Tawny-OWL (n.d.a) enables a rich programmatic interface to OWL and ontology building. To an extent, I wrote Tawny because I wanted to get away from the use of Protege (n.d.b/) as an ontology editor. I compare the experience of Protege to Tawny as similar to a comparison between Excel and R; if the former does what you need, then it’s fine, but it’s hard to extend. So, it is with Tawny — it is simple to add patterns, new syntaxes, new capabilities. And I have access to all the standard tools that I expect with any programmatic environment; I can use versioning, build tools and test harnesses.
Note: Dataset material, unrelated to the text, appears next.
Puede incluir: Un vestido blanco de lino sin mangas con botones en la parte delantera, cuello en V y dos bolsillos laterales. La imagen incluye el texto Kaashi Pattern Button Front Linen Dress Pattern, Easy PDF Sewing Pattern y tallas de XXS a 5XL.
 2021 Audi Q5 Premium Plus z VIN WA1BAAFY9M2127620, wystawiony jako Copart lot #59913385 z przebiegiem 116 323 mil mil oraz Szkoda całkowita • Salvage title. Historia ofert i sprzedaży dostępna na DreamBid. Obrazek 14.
Having said all of this, Tawny-OWL comes with some cost. Although most IDEs have good capabilities for jumping to definitions and the like, they are limited compared to the display capabilities of Protege (n.d.b/) the ability to navigate quickly and rapidly through an ontology, to use tools like OWLViz to get a broad overview of the ontology structure.

Even if I feel that Protege is limited as an editor, I would still like to use its visualisation capabilities; it is unfortunate if, in choosing Tawny-OWL, I have to abandon Protege. This is not, however, necessary. It is possible to use Protege to visualise an ontology created by Tawny with synchronisation; changes are displayed by Protege immediately, as they are displaying the live data models that Tawny is manipulating. This is achieved by Protege-Nrepl; in this post, I describe the implementation behind it.

Background

Tawny is implemented in Clojure which is a lisp that compiles down to Java bytecodes; the OWL functionality comes from the OWL API which is the same API that Protege uses. In an abstract sense, then it should be possible to plug the two together; to have Tawny operate over the same data structures that Protege is displaying.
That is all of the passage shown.